1) Is the Jerome in Masks is the same Jerome, senator and master of Elyas, in Death’s Mistress?
Yes, Jerome was Elyas’ master–good for you! I didn’t know if anyone would catch that. But it was nice to be able to flesh out the European Senate a little.
2) In one of your other Q&A you wrote that when Mircea tried to separate Dorina’s two natures in the beginning he got a little help, as we would have seen in ‘Masks’. Did you mean the other ‘Masks’, the one about Mircea from the present and Cassie traveling back to Venice to gain blackmail material on another senator? I admit that when I first read that I thought maybe it was Mircea from the present that helped is past self.
In answer to your questions, I started writing Masks several times over the last few years, only to have to put it away due to deadlines for other projects. And when I would go back to it, I would often find myself working on a different storyline. Basically, Mircea has a LOT of backstory and it kept intruding. I finally told myself to just concentrate on one story or I was never going to get it finished, so that’s how we ended up where we did. And why, at different times, different storylines were discussed (because when I was asked the question, that’s the one I was working on). I hope that makes some kind of sense!
3) Somewhere, I don’t remember where I read it, you explained that at some point the differences between Cleo and Anthony became such that they could not co-exist in the same territory and senate so Mircea and Marlowe persuaded her that North America deserved a Senate too and they all went across the pond. How long after they became co-consuls did it happen? And, if it’s not spoiler, why did it happen?
It happened in the late 18th century. You’ll recall that, when Cassie and Mircea were visiting Paris in 1793 (in Embrace the Night), they were able to stay at his Paris home because the Mircea of that time was away in North America. That’s why he was away—scouting out the possibilities for a new senate.
As for why it happened, there’s an old saying “can’t live with ‘em, can’t live without ‘em” that pretty much sums up Cleo and Anthony’s relationship. When they’re apart, they miss each other; when they’re together, they frequently want to kill each other. It’s complicated. So, the togetherness all the time thing wasn’t working, and in fact, was not working to the point that something had to give soon or there was going to be another challenge.
Mircea and Marlowe pointed out that the natural resources of NA were likely to make it an economic, and therefore political, power one day, and that its population was already exploding after the Revolutionary War. It was ready for a senate, and if they didn’t establish one, somebody else would. So she and Anthony split the blanket to stay allies rather than destroying one another.

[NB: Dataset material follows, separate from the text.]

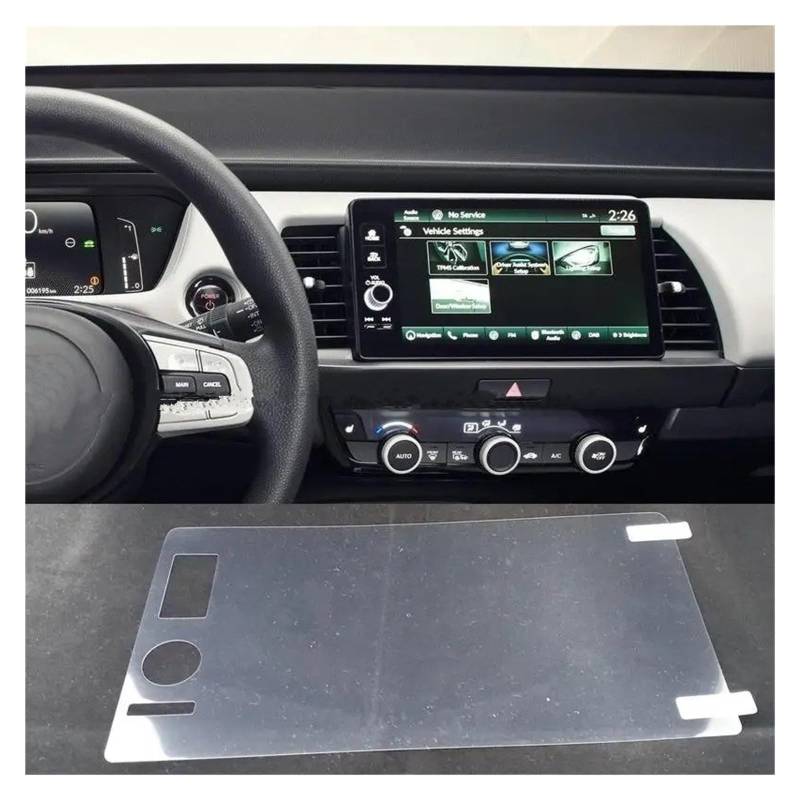 GPS Navigator Displayschutzfolien Für Jazz 2020 PET Displayschutzfolie Auto GPS Multimedia Navigation Displayschutzfolie Auto Navi Folie von Ltusgt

4) In modern vampire law (Cassie and Dory books) a Master is responsible for the vampires he/she sires, right? When was the law introduced and does it mean that what happened to Sanuito would be punished if it happened again?
It was always tradition that a master was responsible for those he sired, and was in fact the law elsewhere. The info on “Cathay” that Bezio had in Masks was skewed by his own prejudice. He assumed that because other senates didn’t have a “safe haven” such as Venice, it meant that they hadn’t made any accommodations for their strays. In fact, they didn’t have a Venice because they didn’t need one. Masters were held strictly accountable for any children they made, something that wasn’t true in Europe because the old consul didn’t enforce it. Anthony and Cleo changed that after they took over, something that was helped by the rather large number of old masters they slaughtered putting down rebellions.
As far as Sanuito’s fate, though . . . technically, it could still happen. It probably wouldn’t, because the master vamp would then be stuck with a useless servant, and killing too many of your servants for no reason gets you the reputation for instability/weakness (because if you were strong, you wouldn’t need to kill them to control them). And that can end up costing you your own life, if another master decides that you’re ripe for a takeover. And that’s assuming that the senate doesn’t go after you themselves. Auria’s master, for example, would not have been tolerated after the events of Masks. But a master still has life or death control over those he makes as long as he keeps it within reason.
The main difference brought about by the change of power you saw in Masks was better leadership, which held masters more accountable. And so greatly cut down on the numbers of masterless vamps running about. Afterwards, if you made a vampire, you were pretty much stuck with him. And if you made one by accident and he thereafter went on a tear (like a revenant) you had to track him down or hire someone to do it for you. It’s why Louis-Cesare was in trouble over Christine, and why Dory was able to eke out a living chasing down mad vampires.
5) Are there any penalties if a Master forces the change on an unwilling person?
Changing someone who is fighting it, or sick, or otherwise in less than optimal condition, is tricky, and can land you with a dead servant or one like Horatiu. Mircea doesn’t mind about Horatiu, of course, because he loves him and feels indebted to him. But someone else would not be so happy to have a servant like that!
In the case of Martina, the character in Masks who had been forcibly changed, her master didn’t care whether she herself was useful or not, because he was only after her property anyway. All he cared about was that she live long enough to sign it over to him. But most of the time, a vampire has enough willing persons to change that he doesn’t need to change the unwilling. It’s also a factor that you can only change so many vamps, because you can only control so many, so are you really going to risk wasting one of your limited number on someone like Horatiu?